▸ **Raw data**
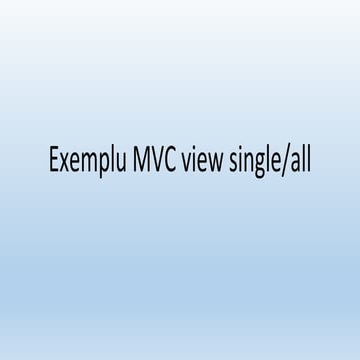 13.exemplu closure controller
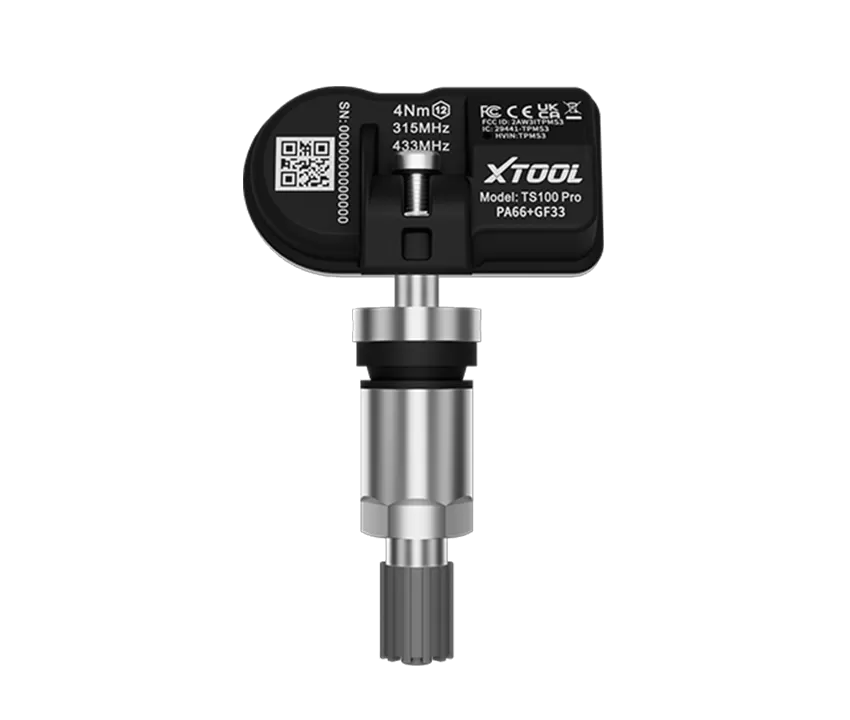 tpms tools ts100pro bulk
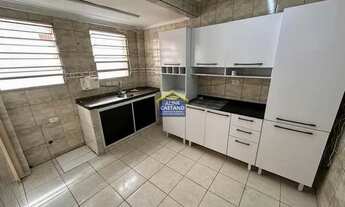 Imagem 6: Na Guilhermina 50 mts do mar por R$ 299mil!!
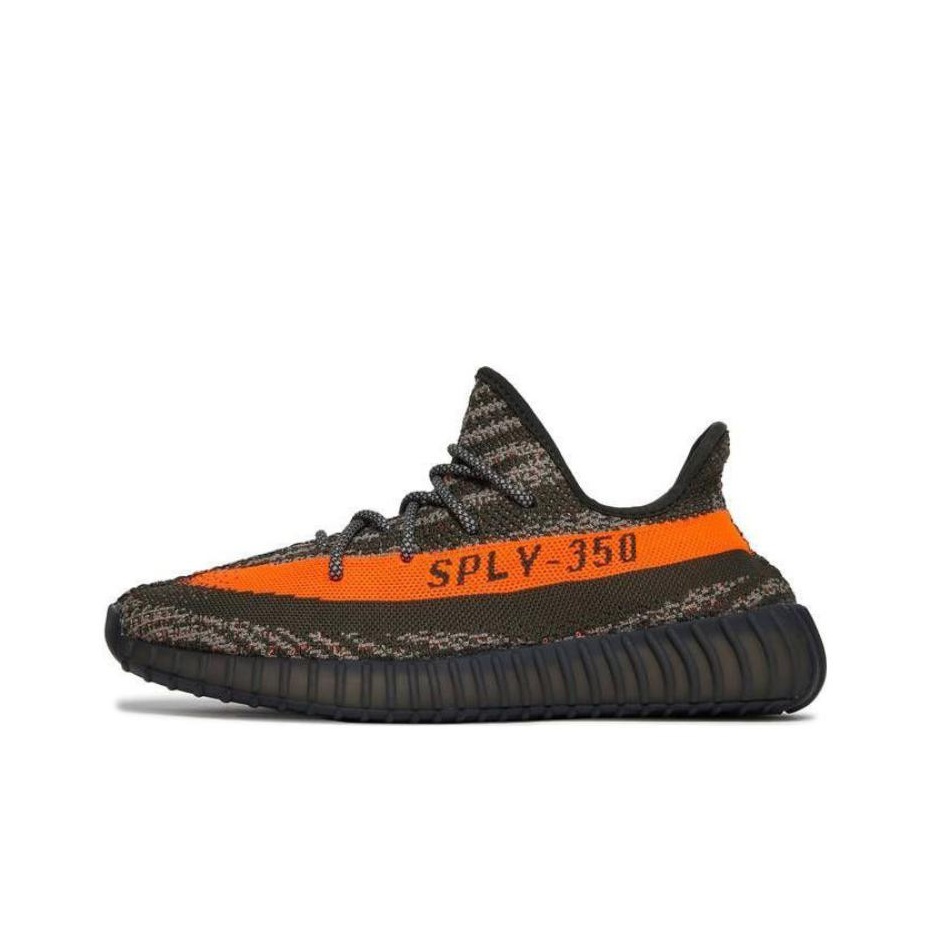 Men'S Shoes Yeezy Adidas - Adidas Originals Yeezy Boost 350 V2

▸ **Your instructions**
Exclude the pictures, and transcribe all of the material exactly.

▸ **Response box**
 13.exemplu closure controller
 tpms tools ts100pro bulk
 Imagem 6: Na Guilhermina 50 mts do mar por R$ 299mil!!
 Men'S Shoes Yeezy Adidas - Adidas Originals Yeezy Boost 350 V2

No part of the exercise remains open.